> [Exercise]:
From the entries below, print exactly the span beginning with the line holding "Old windmill at" and ending with the line holding "in Prosper, Texas.", endpoints included, and skip any pictures.

> [Records provided]:
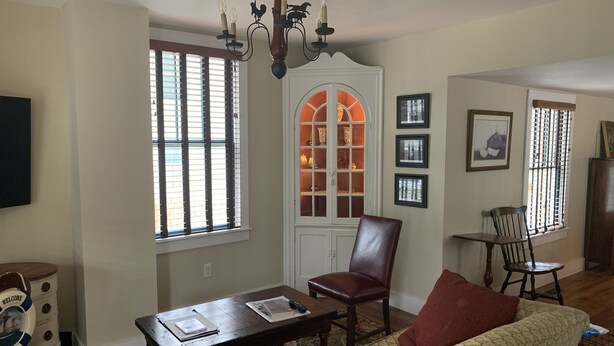 A living room with a sofa, a wooden coffee table, a red chair, a white cabinet with glass doors, and a chandelier.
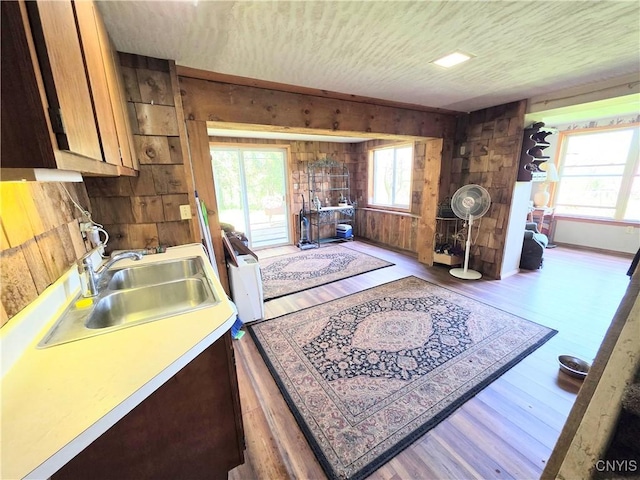 4300 Mutton Hill Rd, Fenner, NY 13035 - kitchen with wooden walls, healthy amount of natural light, a sink, and wood finished floors
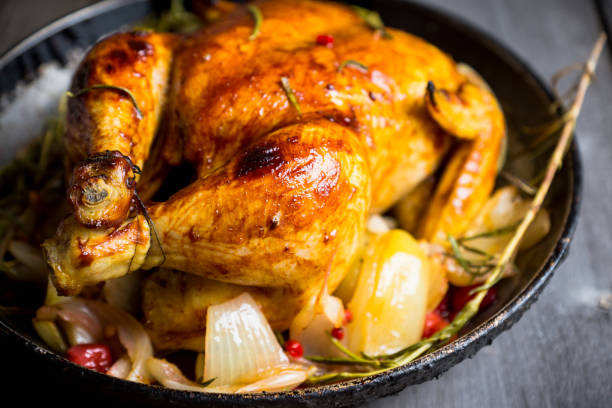 istock Roasted chicken in pan on the rustic wooden background 879507786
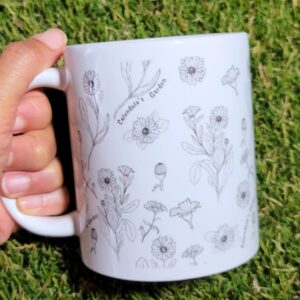 A garden mug with sketches of calendula flowers on it.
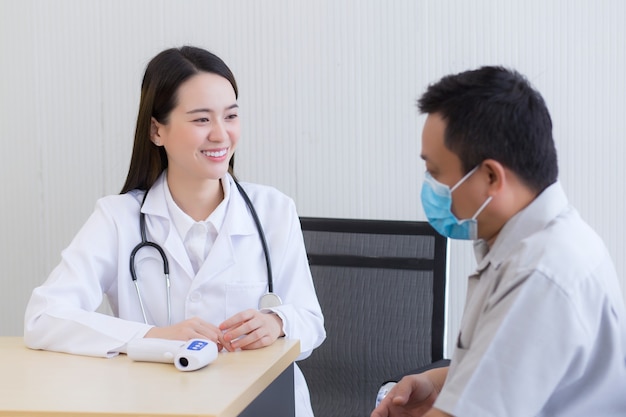 Asiatische Ärztin spricht und ermutigt mit einem Mannpatienten, sich im Krankenhaus um seine Gesundheit zu kümmern.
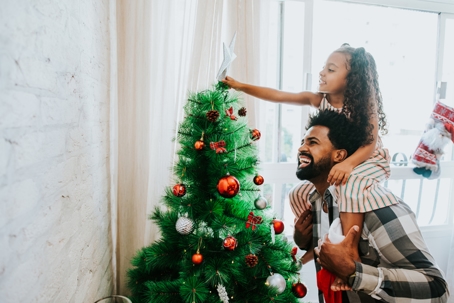 father and daughter placing star on top of Christmas tree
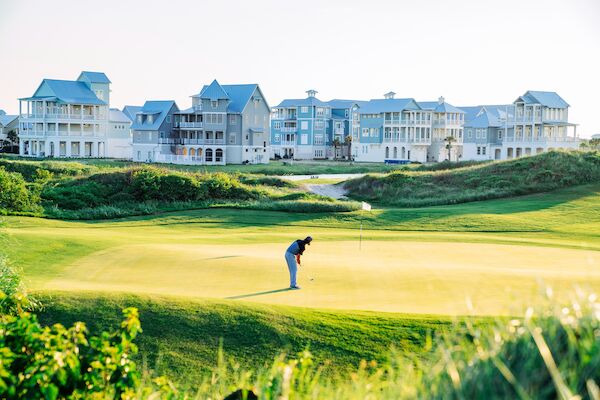 A golfer on a sunny green beside a row of seaside townhouses or resort buildings, with lush fairways and sand, peaceful and bright.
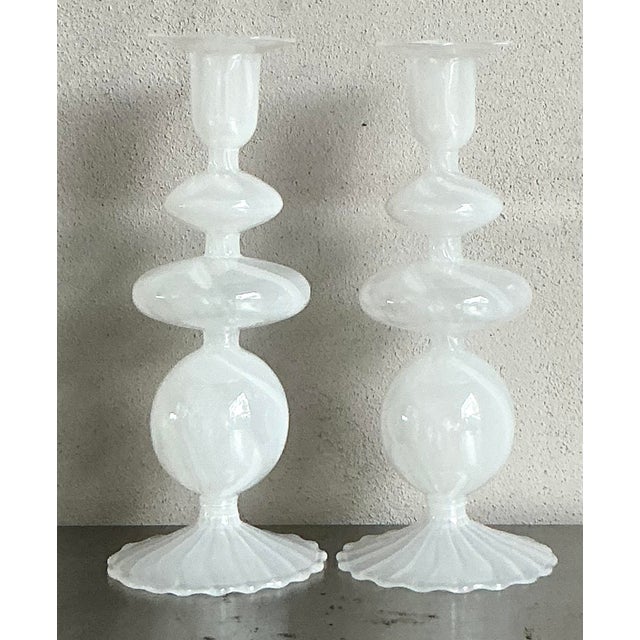 A striking pair of vintage blown glass candlesticks crafted in the style of Murano glassmakers, dating to the 1970s. These...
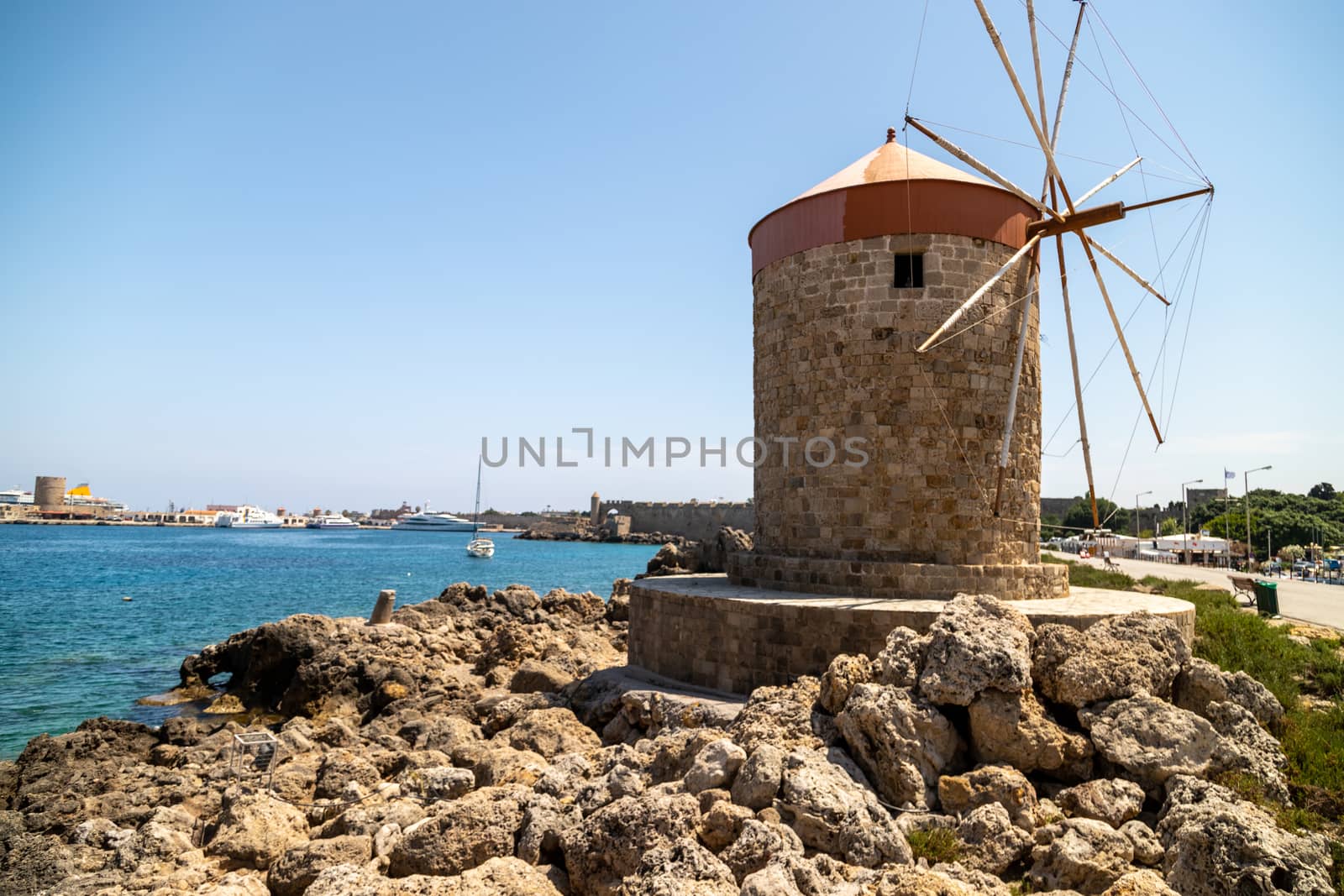 Old windmill at Mandraki  harbour in Rhodes city  on Rhodes island, greece  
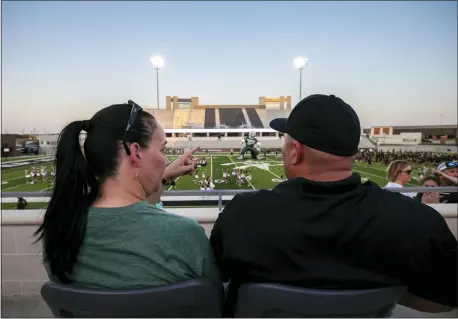  ?? NATHAN HUNSINGER — THE ASSOCIATED PRESS ?? Lisa DeMarco and Rey Martinez watch students on the field during the opening of the new Children’s Health Stadium at Prosper ISD on Saturday in Prosper, Texas.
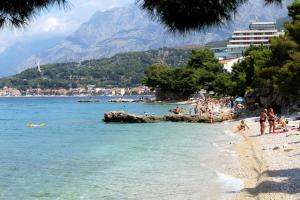 eine Gruppe von Menschen an einem Strand in der Nähe des Wassers in der Unterkunft Apartments by the sea Podgora, Makarska - 16476 in Podgora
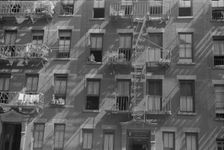 House fronts, 61st Street between 1st and 3rd Avenues, New York, 1938. Creator: Walker Evans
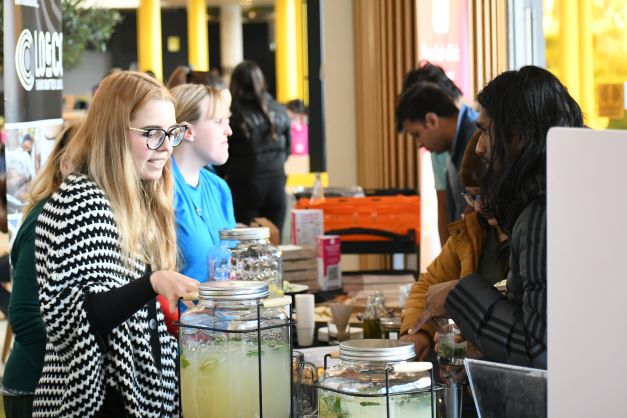 Two students talking over some food.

> [Exercise result]:
 Old windmill at Mandraki  harbour in Rhodes city  on Rhodes island, greece  
  ?? NATHAN HUNSINGER — THE ASSOCIATED PRESS ?? Lisa DeMarco and Rey Martinez watch students on the field during the opening of the new Children’s Health Stadium at Prosper ISD on Saturday in Prosper, Texas.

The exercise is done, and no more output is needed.